What to work on ▸
Set the pictures aside and transcribe exactly the lines from the one containing "Pandora Jewelry Openwork" through the final line of the records.

[Provided material Boundary: Start]

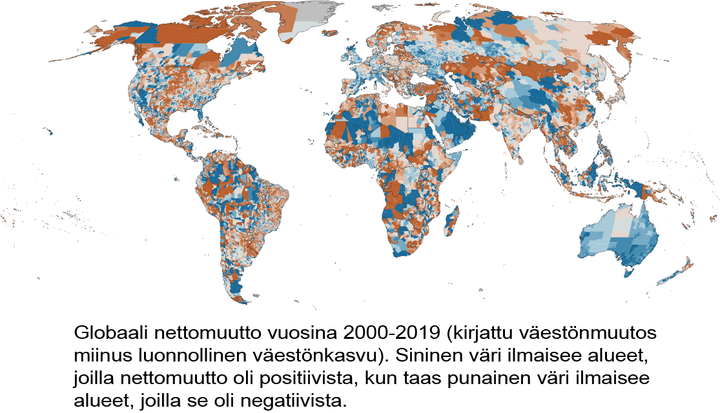 Maapallon muuttoliikettä kuvaava karttagrafiikka.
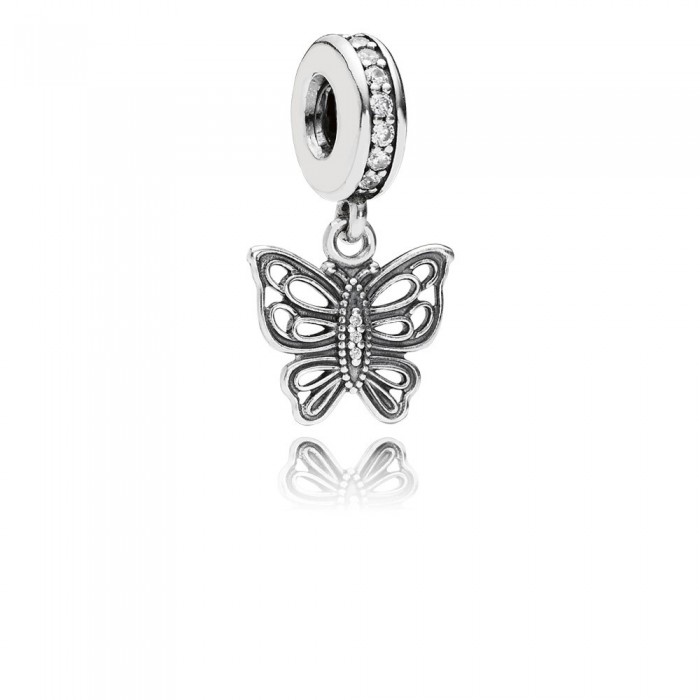 Pandora Jewelry Openwork Butterfly Silver Dangle With Cubic Zirconia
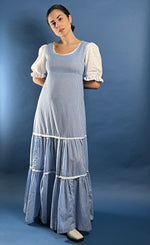 Load image into Gallery viewer, Vintage 1970s Prairie Gingham Maxi Summer Dress
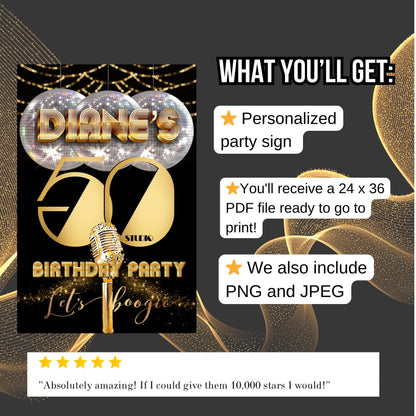 Disco Welcome Sign - Disco Ball Poster - Retro 70s Welcome Poster - Studio 54 Sign
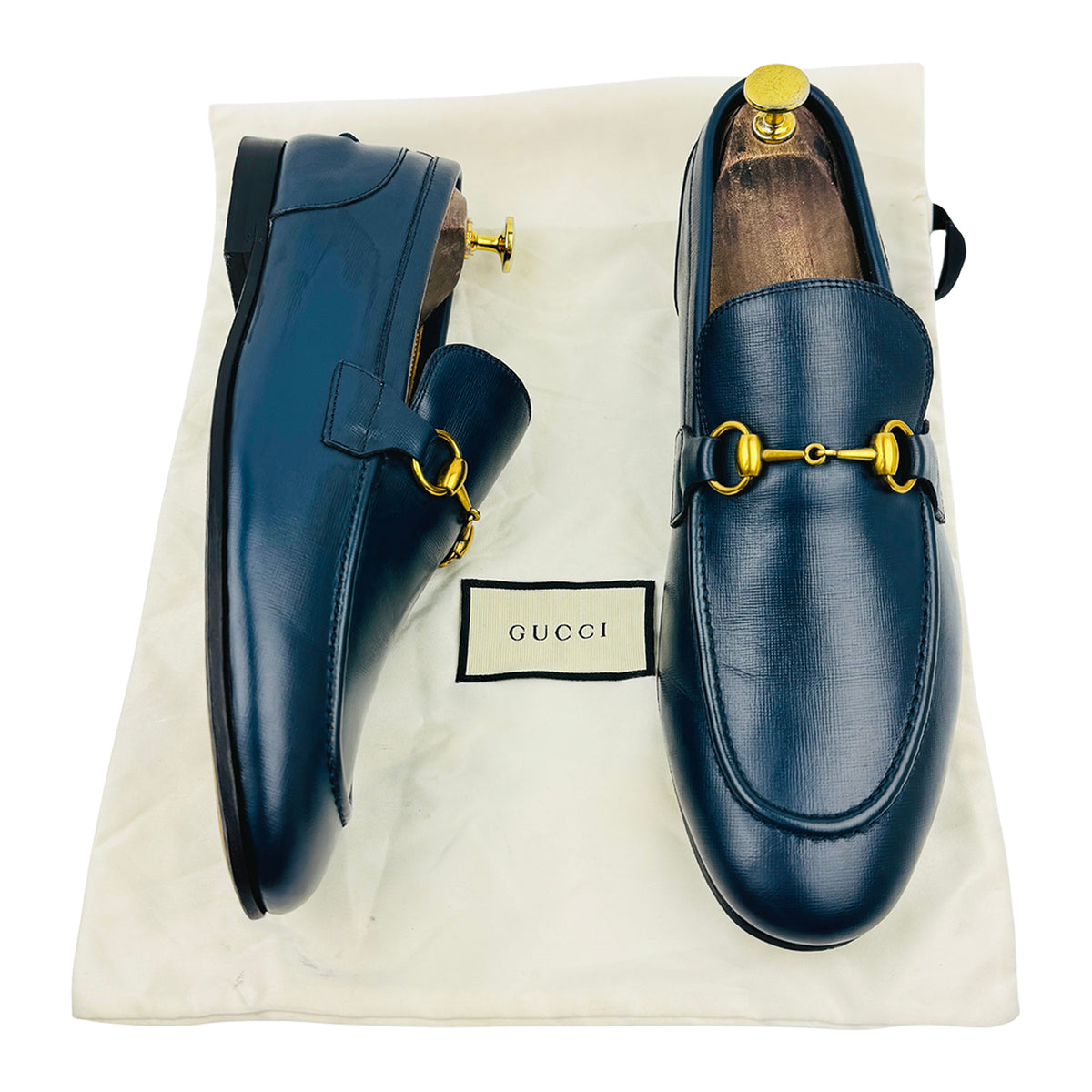 Gucci 1953 Dark Blue Leather Horsebit Loafers (Size 42) - 407318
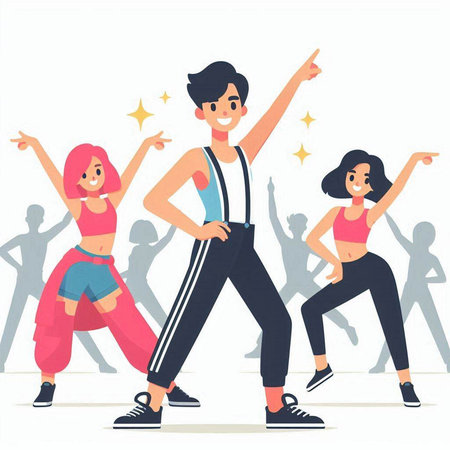 Group of young people dancing hip-hop. Vector illustration in flat styleのイラスト素材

[Provided material Boundary: End]

Solution ▸
 Pandora Jewelry Openwork Butterfly Silver Dangle With Cubic Zirconia
 Load image into Gallery viewer, Vintage 1970s Prairie Gingham Maxi Summer Dress
 Disco Welcome Sign - Disco Ball Poster - Retro 70s Welcome Poster - Studio 54 Sign
 Gucci 1953 Dark Blue Leather Horsebit Loafers (Size 42) - 407318
 Group of young people dancing hip-hop. Vector illustration in flat styleのイラスト素材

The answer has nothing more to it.